(Brief descriptive captions)
——

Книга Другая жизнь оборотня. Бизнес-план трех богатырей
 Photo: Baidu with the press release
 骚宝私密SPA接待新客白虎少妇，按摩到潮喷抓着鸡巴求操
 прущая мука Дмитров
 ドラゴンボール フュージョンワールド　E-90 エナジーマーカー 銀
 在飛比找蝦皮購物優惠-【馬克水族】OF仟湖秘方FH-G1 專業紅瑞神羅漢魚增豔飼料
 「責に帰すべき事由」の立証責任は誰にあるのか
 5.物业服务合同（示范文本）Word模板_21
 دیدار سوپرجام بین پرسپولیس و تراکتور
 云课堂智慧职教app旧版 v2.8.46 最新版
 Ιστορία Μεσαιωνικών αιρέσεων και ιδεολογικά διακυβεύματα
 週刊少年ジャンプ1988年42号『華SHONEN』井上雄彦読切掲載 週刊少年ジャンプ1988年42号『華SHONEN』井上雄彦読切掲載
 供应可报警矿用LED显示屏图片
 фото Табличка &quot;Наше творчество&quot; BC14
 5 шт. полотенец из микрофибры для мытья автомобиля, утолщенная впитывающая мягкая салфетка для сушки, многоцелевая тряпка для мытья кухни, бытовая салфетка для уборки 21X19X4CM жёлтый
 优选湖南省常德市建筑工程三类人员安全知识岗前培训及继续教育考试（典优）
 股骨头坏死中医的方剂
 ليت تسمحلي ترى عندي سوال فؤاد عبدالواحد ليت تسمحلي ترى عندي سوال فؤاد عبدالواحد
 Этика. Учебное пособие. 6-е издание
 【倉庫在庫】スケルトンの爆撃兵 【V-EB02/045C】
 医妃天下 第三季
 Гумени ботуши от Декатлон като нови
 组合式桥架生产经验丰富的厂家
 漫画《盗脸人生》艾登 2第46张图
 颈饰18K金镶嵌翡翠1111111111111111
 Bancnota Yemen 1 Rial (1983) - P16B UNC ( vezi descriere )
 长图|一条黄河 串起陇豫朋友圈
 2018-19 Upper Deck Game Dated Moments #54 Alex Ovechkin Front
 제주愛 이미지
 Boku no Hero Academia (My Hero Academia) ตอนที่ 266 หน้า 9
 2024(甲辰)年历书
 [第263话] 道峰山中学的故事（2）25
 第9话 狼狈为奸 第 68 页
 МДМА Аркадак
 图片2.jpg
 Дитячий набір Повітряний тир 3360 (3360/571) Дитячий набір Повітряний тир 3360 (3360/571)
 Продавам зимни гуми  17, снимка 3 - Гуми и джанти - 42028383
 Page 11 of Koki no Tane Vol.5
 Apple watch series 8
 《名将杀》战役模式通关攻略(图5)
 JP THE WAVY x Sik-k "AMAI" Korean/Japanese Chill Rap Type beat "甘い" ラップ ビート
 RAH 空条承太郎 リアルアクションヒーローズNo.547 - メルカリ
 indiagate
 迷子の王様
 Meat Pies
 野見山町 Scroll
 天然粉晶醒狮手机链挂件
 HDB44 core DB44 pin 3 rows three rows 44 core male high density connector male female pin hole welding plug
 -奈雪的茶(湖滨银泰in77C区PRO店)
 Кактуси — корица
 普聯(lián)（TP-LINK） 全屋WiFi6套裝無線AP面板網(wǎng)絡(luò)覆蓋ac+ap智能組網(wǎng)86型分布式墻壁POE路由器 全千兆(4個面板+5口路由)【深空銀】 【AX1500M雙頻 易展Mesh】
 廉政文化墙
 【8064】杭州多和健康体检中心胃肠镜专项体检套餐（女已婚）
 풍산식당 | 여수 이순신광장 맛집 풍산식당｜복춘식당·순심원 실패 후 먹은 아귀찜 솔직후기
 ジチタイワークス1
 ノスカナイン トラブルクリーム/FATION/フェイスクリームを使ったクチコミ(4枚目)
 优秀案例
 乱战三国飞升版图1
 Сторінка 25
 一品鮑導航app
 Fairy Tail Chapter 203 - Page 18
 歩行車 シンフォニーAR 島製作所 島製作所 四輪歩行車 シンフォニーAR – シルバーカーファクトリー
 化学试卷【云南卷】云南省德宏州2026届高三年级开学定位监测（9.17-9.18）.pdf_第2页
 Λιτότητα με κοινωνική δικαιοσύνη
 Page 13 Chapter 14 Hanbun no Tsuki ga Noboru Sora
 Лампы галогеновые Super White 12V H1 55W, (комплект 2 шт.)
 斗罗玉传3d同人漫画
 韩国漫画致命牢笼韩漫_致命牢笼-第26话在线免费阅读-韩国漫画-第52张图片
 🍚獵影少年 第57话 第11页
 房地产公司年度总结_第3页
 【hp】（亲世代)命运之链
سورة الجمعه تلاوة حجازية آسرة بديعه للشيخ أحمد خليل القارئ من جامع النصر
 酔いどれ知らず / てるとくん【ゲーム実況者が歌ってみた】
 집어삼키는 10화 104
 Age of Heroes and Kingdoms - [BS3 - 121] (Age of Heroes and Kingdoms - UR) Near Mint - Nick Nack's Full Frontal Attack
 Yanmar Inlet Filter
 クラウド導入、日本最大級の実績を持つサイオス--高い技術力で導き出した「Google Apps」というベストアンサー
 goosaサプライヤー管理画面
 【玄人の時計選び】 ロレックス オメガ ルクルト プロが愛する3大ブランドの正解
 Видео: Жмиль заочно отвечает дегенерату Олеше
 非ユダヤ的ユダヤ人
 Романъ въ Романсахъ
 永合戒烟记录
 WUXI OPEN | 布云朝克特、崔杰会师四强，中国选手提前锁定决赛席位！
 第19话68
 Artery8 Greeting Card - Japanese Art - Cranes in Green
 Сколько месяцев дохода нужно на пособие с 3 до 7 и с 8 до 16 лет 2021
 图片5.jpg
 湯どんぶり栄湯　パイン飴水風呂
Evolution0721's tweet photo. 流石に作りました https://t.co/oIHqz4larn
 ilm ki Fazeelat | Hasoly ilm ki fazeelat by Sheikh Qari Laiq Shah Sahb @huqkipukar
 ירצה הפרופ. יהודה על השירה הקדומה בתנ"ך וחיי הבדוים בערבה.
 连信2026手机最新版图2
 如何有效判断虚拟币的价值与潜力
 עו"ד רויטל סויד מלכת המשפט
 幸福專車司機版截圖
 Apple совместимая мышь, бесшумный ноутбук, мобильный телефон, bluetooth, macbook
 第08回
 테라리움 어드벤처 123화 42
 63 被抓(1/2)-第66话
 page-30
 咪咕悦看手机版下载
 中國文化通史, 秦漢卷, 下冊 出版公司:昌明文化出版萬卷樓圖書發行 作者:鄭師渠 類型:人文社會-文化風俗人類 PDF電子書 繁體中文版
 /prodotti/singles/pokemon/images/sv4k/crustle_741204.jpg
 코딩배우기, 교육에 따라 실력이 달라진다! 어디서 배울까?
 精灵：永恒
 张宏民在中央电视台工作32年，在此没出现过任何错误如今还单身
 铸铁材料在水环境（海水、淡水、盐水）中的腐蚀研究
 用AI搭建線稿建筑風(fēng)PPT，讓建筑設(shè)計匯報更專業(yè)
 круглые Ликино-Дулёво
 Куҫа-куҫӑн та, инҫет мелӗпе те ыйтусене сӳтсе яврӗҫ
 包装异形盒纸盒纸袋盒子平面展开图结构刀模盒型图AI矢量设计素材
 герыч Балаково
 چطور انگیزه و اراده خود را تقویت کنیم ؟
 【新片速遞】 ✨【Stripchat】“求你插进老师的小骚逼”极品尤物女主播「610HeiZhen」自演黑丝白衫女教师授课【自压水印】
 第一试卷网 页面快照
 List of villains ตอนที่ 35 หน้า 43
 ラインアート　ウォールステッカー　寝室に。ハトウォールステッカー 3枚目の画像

——

## YOUR ASSIGNMENT
When the line containing "云课堂智慧职教app旧版 v2.8.46 最新版" is reached, include it and stop. Until then, output each line of the entries exactly as given, starting from the first.

## OUTPUT BELOW
Книга Другая жизнь оборотня. Бизнес-план трех богатырей
 Photo: Baidu with the press release
 骚宝私密SPA接待新客白虎少妇，按摩到潮喷抓着鸡巴求操
 прущая мука Дмитров
 ドラゴンボール フュージョンワールド　E-90 エナジーマーカー 銀
 在飛比找蝦皮購物優惠-【馬克水族】OF仟湖秘方FH-G1 專業紅瑞神羅漢魚增豔飼料
 「責に帰すべき事由」の立証責任は誰にあるのか
 5.物业服务合同（示范文本）Word模板_21
 دیدار سوپرجام بین پرسپولیس و تراکتور
 云课堂智慧职教app旧版 v2.8.46 最新版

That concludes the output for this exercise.